Wheel in time and space, the Ozarks might be littered with modernity but something ancient, resonating, still remains. Look at the big map and the Ozarks Plateau is a strange — and strangely shaped — wheel connecting North America’s north and south, east and west. Not surprisingly, the teeming life here reflects the wheel. The grass prairies, the southwestern glades, the dark coves of the eastern mountains, here all converge, as do the whitetail deer and the red-tail hawks, the scorpions and tarantulas, and a bevy of venomous snakes — the timber rattler, the copperhead, the cottonmouth. Crossroads in time and space.
The writers are sharing, quietly, fitfully, gratefully, on Friday night at Vintage Paris Coffee during Art Walk Market. We have begun a Writers’ Round, a small, organic opportunity to bring writers from the shadows. In my turn, I also share but am uncharacteristically shy. My public persona demands extroversion and so that’s exactly what I have given for some eight years when I turned my talents toward social media and video.
“Interviews and videos are so natural for you,” people sometimes say. It isn’t true, or at least wasn’t true. I am, weirdly, a very shy person. But I can put myself into the public eye in order to showcase, to advocate, others for whom I care. I’m still shy about my own work. It’s an uncomfortable place of vulnerability. And vulnerability leads to death. “Never show the soft underbelly, never let them see you cry.” But writing — good writing — is the opposite. Truth is unveiled in the words, words then spoken at Writers’ Round.
Nearly every shared piece on Friday night involved death. By the third writer, we were quietly laughing, even amid tears. “I blame it on the Capricorn moon last Wednesday,” I said, and mostly meant it. The moon in all its magic exerts real power. It’s arrogant to believe we are somehow exempt from the tides of time and space.
Liminal space, like magic, makes us uncomfortable. In the threshold, in the twilight, at the crossroads as the clock ticks toward midnight — these are the spaces in the dark we’d rather not know. It is at the moment between sleep and wakefulness when the ghosts visit.

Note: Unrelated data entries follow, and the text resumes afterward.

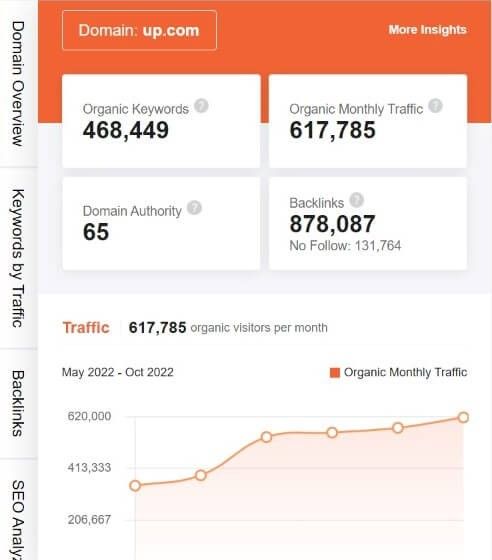 marketing strategy of union pacific - ubersuggest seo screenshot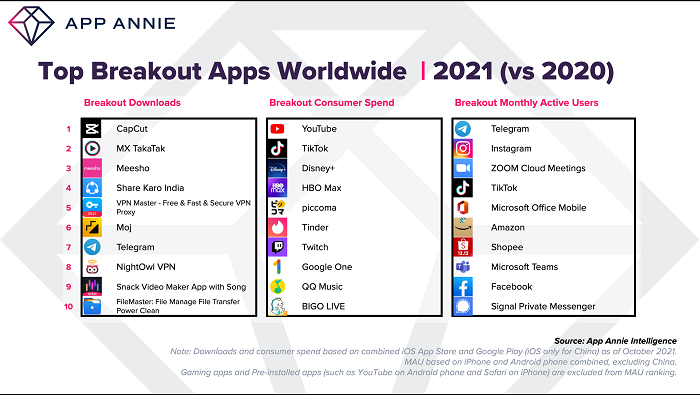 tiktok leads the way in app annies 2021 app performance report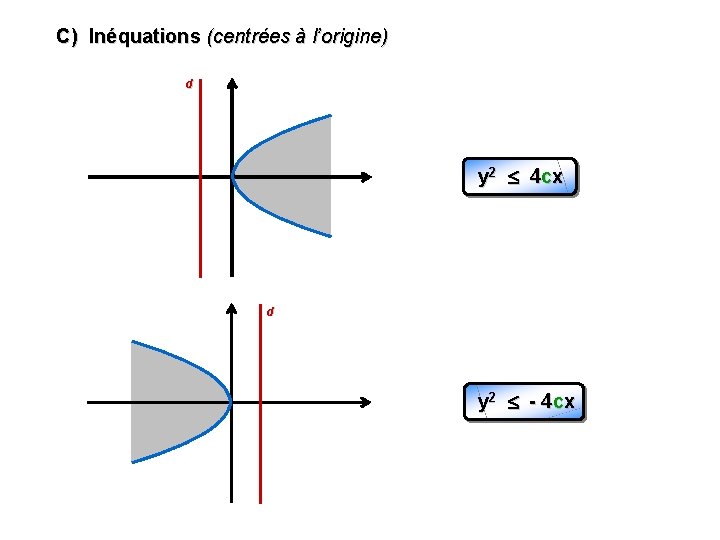 C) Inéquations (centrées à l’origine) d y 2 4 cx d y 2 -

It is the moment of sunrise when the muses inspire. The moment at sunset when the green flash occurs. Across lore and time and history, the in-between space gives both life and death, depending sometimes too precipitously upon the one giving and the one taking.
We have become an arrogant people, preaching loudly from behind pulpits of our own making, shouting, rarely listening, often ready for ready answers that often only harm, inflating our own egos, helping no one. We are an ill-disciplined people as well, unwilling to humble ourselves before God. Even now, even in the space between light and dark, between the sacred and the profane, even at the crossroads at midnight, we fool ourselves if we think we are too good for magic. Especially now, at sunset death.